As palavras dela no primeiro encontro – ou como temo em mencionar “primeira consulta” – ainda remoem na minha cabeça.
Eu nunca fui a favor de psicólogos. Particularmente nunca precisei de um. Sempre achei perda de tempo e dinheiro (excerto para os doentes mentais, lógico). E agora, estou sentada diante da melhor psicóloga – e a mais cara provavelmente – de Copacabana.
- Elizabeth! Está prestando atenção?
“Nem um pouquinho!” pensei.
- Claro que estou!
- Muito bem... – continuou ela, explicando as vantagens da nova perspectiva que ela usaria.
Sabe quando você sabe que algo ruim está por vir, mas não acredita realmente que vá acontecer? Pois bem, eu sabia por que tinha ido até aquele consultório, sabia qual seria o assunto, e mesmo após tantas consultas, ainda queria acreditar que ela me pouparia disso...
- Elizabeth – chamou ela – por que não me diz como andam as coisas com você?
- Hamm... – hesitei em responder – Está indo...
- Como vai sua relação com seus amigos?
Geralmente, nas outras consultas, ela deixava que eu falasse neles primeiro.
- Não como antes, e nem poderia... – murmurei as ultimas palavras mais para mim do que para ela.
- Por que não? – perguntou como se não soubesse a resposta.
- Hamm... Não é a mesma coisa sabe, estamos todos diferentes... – o que quer dizer eu.
Ela pareceu hesitar um pouco, por fim falou:
- Isso é bom de certa forma... Levando em conta o que está acontecendo... Você sabe o que eu quero dizer não sabe?
Veio em minha mente, um flash de imagens que durou apenas um segundo, mas que foi suficiente para trazer de novo aquilo.
- Sei!...
- Acha que vai conseguir lidar com isso?
- A senhora sempre me faz essa pergunta!
- E a senhorita sempre se esquiva dela...
Abaixei a cabeça quase que por instinto.
- Me diga Elizabeth, lembra-se daquela noite?
- Realmente acha que eu conseguiria esquecer? – arfei.
- Então sabe por que está aqui? Sabe o que aconteceu e o que vai acontecer agora?
- Para com isso... – murmurei em baixo tom.
Ela não parou. Eu já podia sentir meu peito ardendo e toda aquela dor latejar. Havia algo de estranho nessa consulta. Por mais irritante que fosse, a Dra. Fisher sempre deixava o caminho aberto para que eu falasse apenas o que me sentia a vontade em falar, mas... Agora ela estava me pressionando... Não era como ela costumava agir... E isso só podia significar que...

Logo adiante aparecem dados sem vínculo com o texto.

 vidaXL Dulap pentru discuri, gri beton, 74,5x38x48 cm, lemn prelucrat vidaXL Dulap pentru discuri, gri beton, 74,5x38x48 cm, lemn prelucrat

- Não acredito! – exclamei – ela não vai mesmo fazer isso vai?
O olhar dela mudou, como se estivesse aliviada em eu ter percebido.
- Sinto muito Elizabeth... Ela não quer esperar mais!
Levantei-me num salto com a notícia.
- Quando? – perguntei encarando-a.
- Amanhã de manhã!
- Não acredito! Vocês tinham me prometido mais tempo!
- Sei disso, mas você a conhece, ela não vai esperar mais!
- Isso não é justo! Sabe o que está fazendo comigo?
Ouve uma pausa e só se podia ouvir o som da minha respiração irregular.
- Sim Elizabeth, sei o que isto vai lhe causar, mas estou de mãos atadas!
- E você ainda se considera uma boa psicóloga?!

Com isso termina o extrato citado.